### [Activity]
Write out the listing, please, but only from its first line through the line containing "The first chord", exactly as given and without pictures.

### [Entries shown]

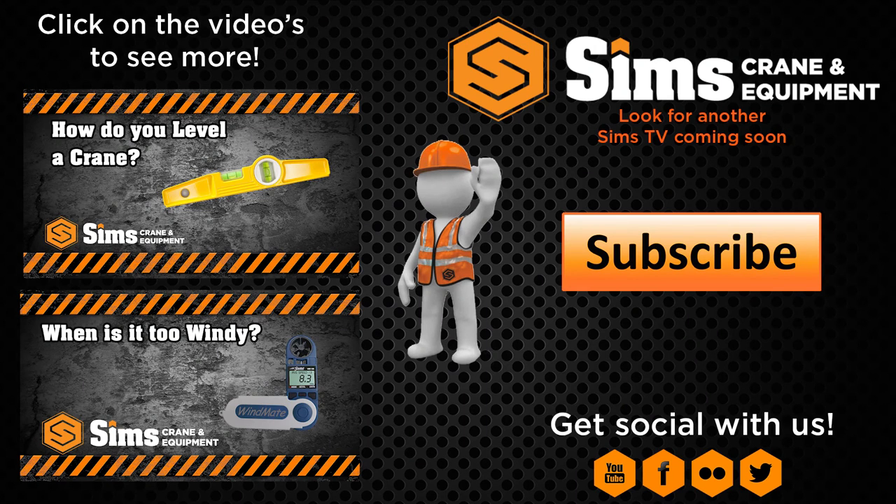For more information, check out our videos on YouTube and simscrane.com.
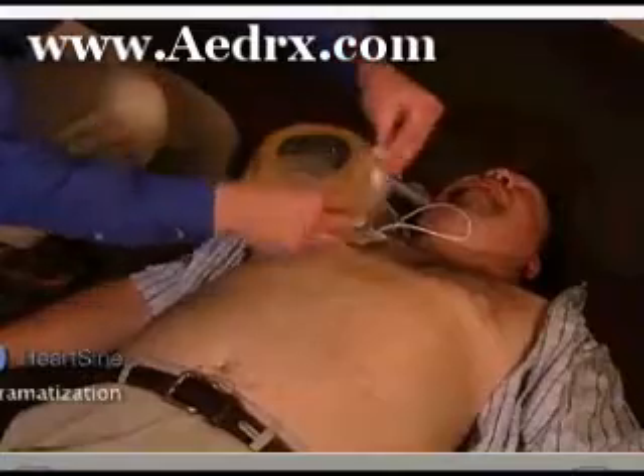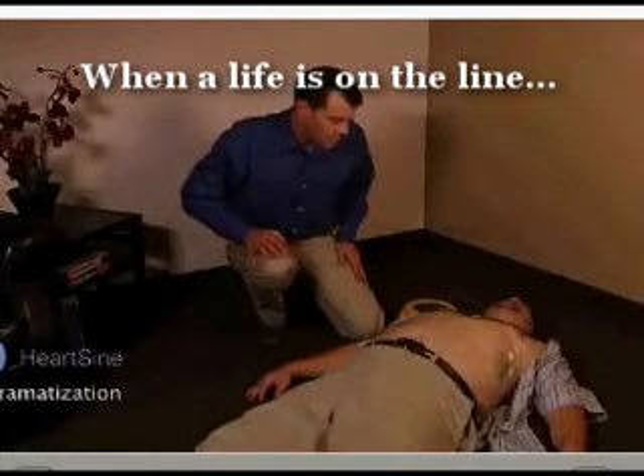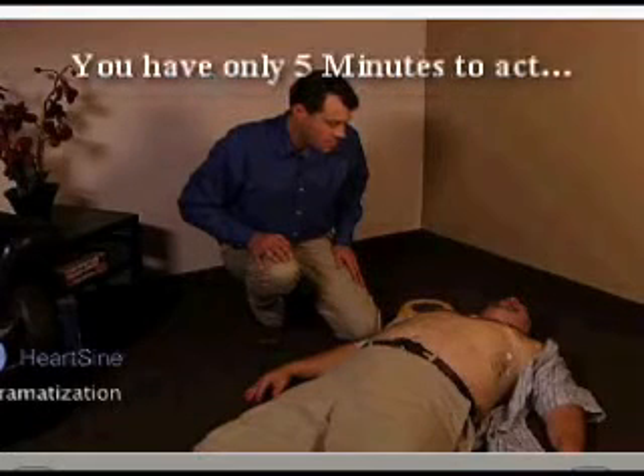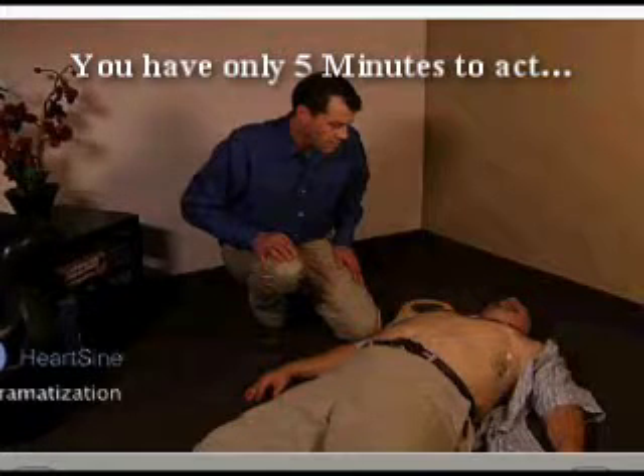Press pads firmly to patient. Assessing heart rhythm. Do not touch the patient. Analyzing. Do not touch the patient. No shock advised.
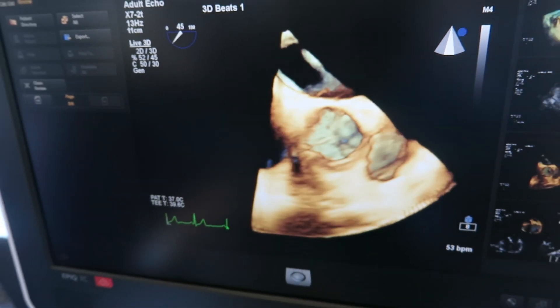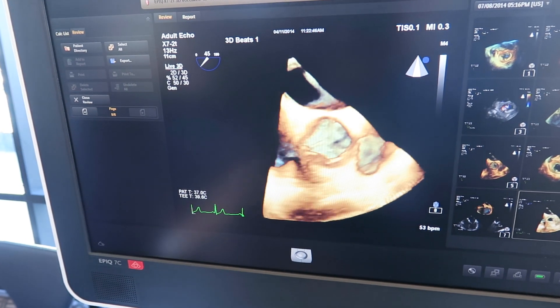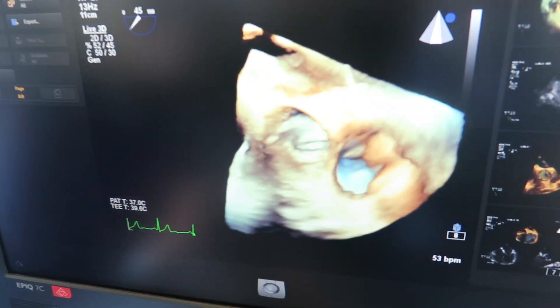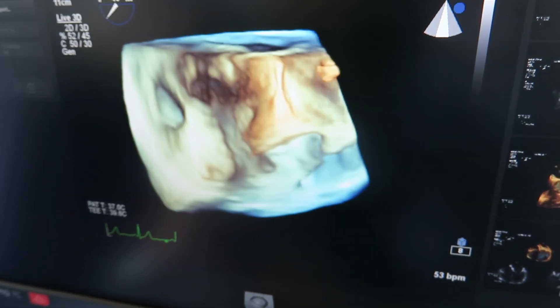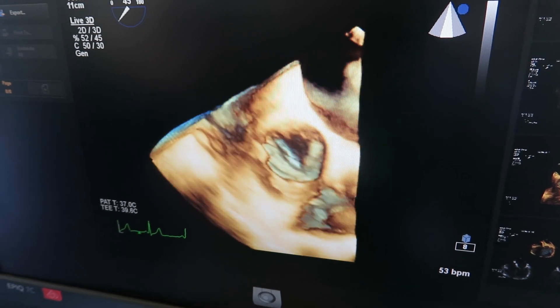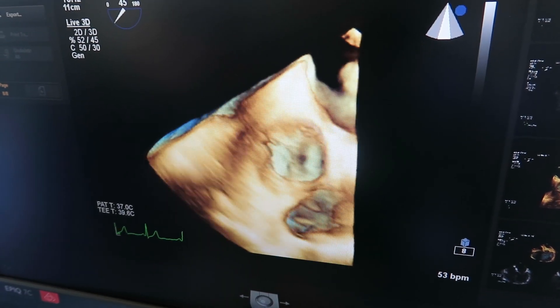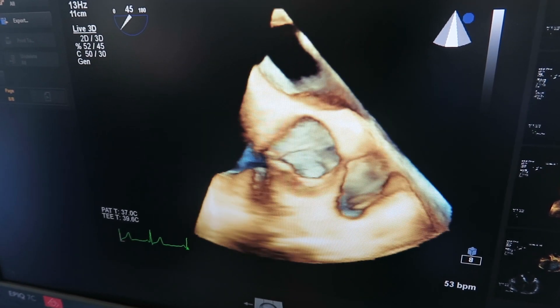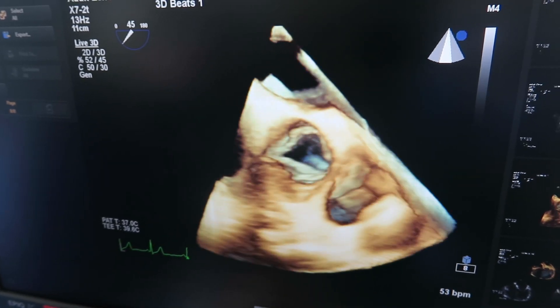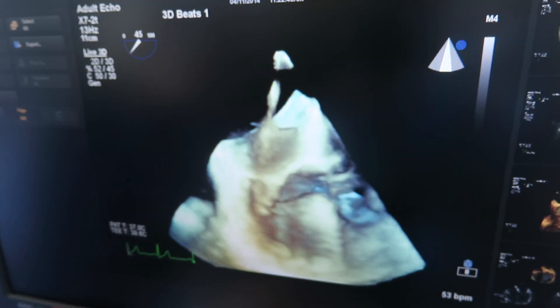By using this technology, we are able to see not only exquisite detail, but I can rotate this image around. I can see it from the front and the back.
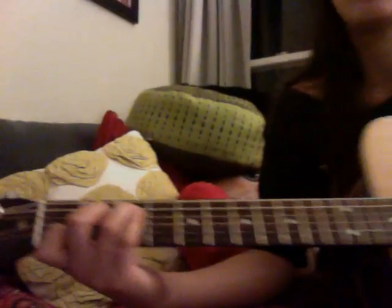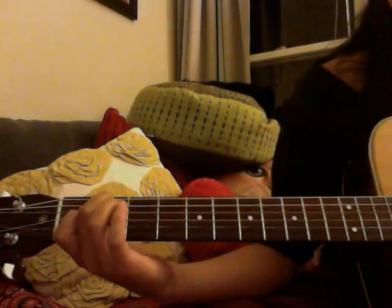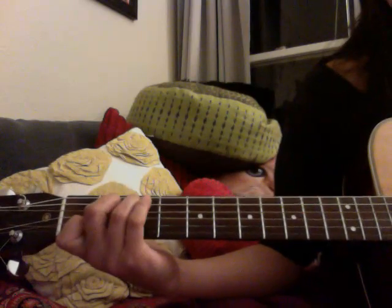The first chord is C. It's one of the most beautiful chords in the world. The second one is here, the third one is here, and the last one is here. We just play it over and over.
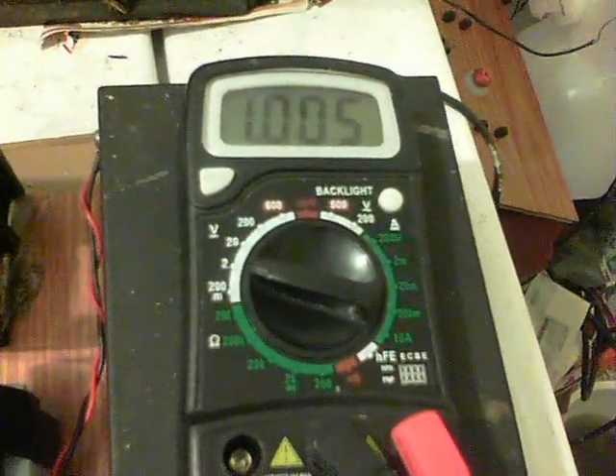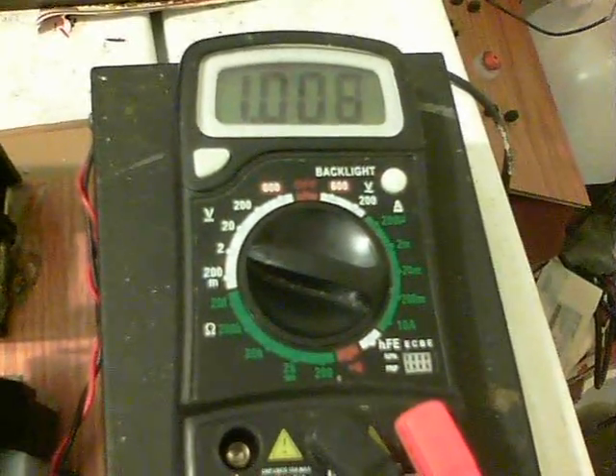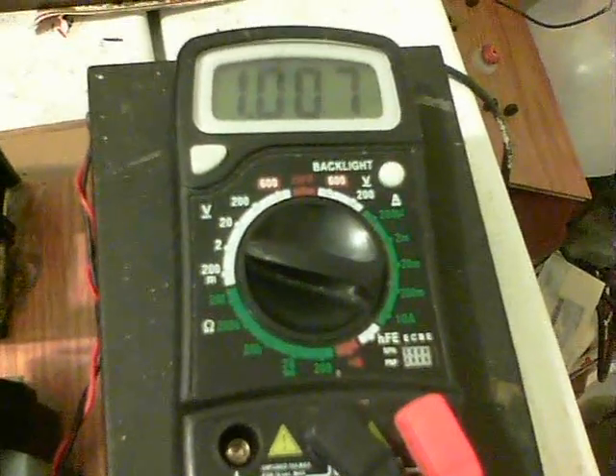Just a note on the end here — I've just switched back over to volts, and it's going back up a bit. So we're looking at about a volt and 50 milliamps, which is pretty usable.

### [Problem solution]
For more information, check out our videos on YouTube and simscrane.com.
Press pads firmly to patient. Assessing heart rhythm. Do not touch the patient. Analyzing. Do not touch the patient. No shock advised.
By using this technology, we are able to see not only exquisite detail, but I can rotate this image around. I can see it from the front and the back.
The first chord is C. It's one of the most beautiful chords in the world. The second one is here, the third one is here, and the last one is here. We just play it over and over.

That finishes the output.